The Age of the Archangel Michael: Reflections on the True Spirit of Our Time brings together seventeen of Bock’s lectures, most of which are presented for the first time in English. In them he discusses the challenges facing humanity in the age of Michael: the need to develop greater selflessness, to cultivate a broader and more inclusive view of humanity, and the importance of spiritualising our thinking in order to deepen our relationship to Christ.
In this extract from Chapter One Courage in Thinking Bock asks how we can follow the guidance of the Archangel Michael in our own lives.
How do we become co-champions with Michael? By making our thinking into a real questioning and struggle for the spirit, fired by true courage… Instead of the dark, dragon-like life of instincts and drives, our love, goodwill and spiritual courage become the soul of our thoughts.
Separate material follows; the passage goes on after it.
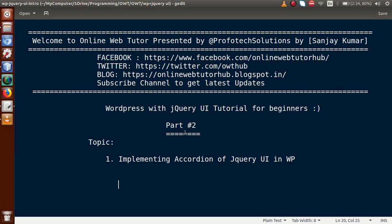Hello guys, welcome to Online Web Tutor presented by Profotex Solutions team. I am Sanjay. We are learning WordPress with jQuery UI tutorial for beginners, and this is part 2. In this video session we will see how we can implement jQuery UI into WordPress default features and how we can make use of the accordion of jQuery UI in WordPress. If you are a beginner to this channel, please subscribe and keep watching our previous video sessions.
Our active love for the spirit is the spear of light with which we slay the dragon within us. Into the world of our thoughts, which we have allowed to become a ravening wolf, and into the world of the senses, which we endeavour to comprehend through our thoughts, we can carry the spirit won through courage and love when we fight in the army of Michael.
“Instead of the dark, dragon-like life of instincts and drives, our love, goodwill and spiritual courage become the soul of our thoughts.”
It is no longer acceptable for us to ward off the wolf of the critical mind at the threshold of the sanctuary after we have called it into being. But it is also no longer acceptable simply to let it rage. We must approach it with courage and transform it. When we do this, we redeem it in our own thinking and the sensory world that we have populated with ghosts. Thinking must be given a courageous and conscious share in the sanctuary of inwardness, but for this to happen it must be changed from within. Heart and head must be educated to work together in a way of thinking fuelled by the heart and flowing with love. Such thinking is capable of understanding and recognising not only the sense-perceptible world but also the supersensible world and can, therefore, only then find the full truth about the world around us.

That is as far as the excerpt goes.